Segment Start: MATERIAL PROVIDED
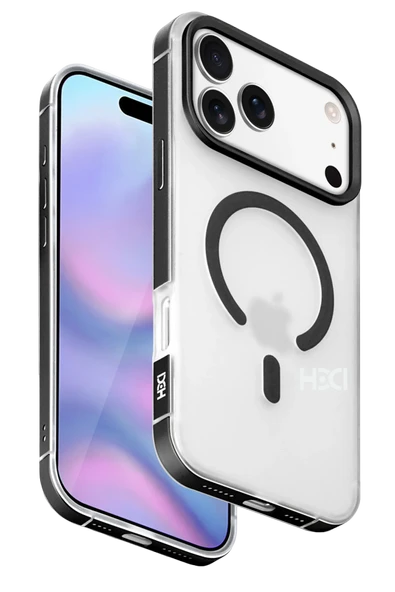 Apple iPhone 17 Pro Max HBC-394 Himalayas Magsafe Kapak - Siyah - Resim 8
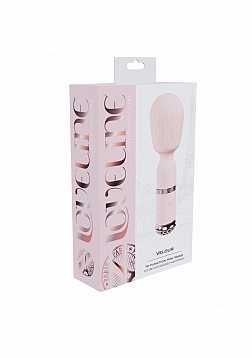Loveline - Velour - 10 function MIni-Wand - Silicone - Rechargeable - Waterproof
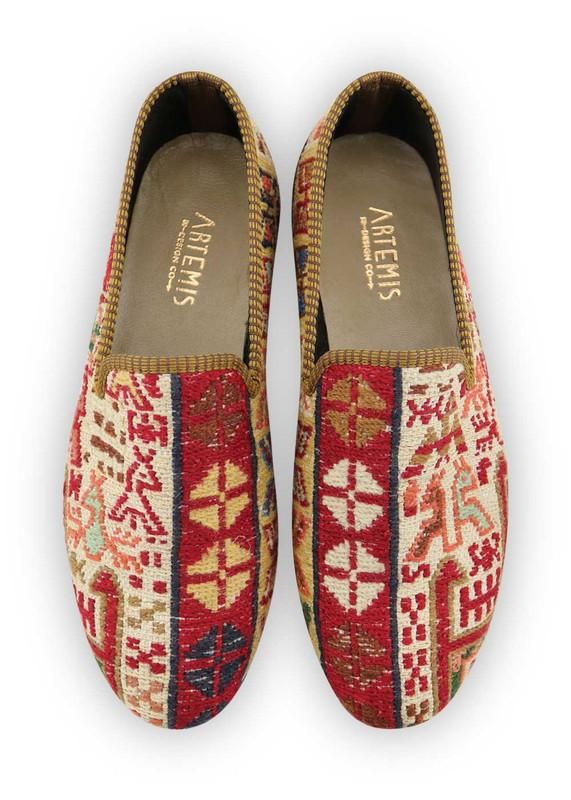 Men's Sumak Kilim Loafers - Size 45 | Artemis Design Co.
Segment End: MATERIAL PROVIDED
## EXERCISE BRIEF
In the copy you return, include exactly the lines from the one containing "Loveline - Velour" through the final line of the listing, and no pictures.

## SOLUTION BELOW
Loveline - Velour - 10 function MIni-Wand - Silicone - Rechargeable - Waterproof
 Men's Sumak Kilim Loafers - Size 45 | Artemis Design Co.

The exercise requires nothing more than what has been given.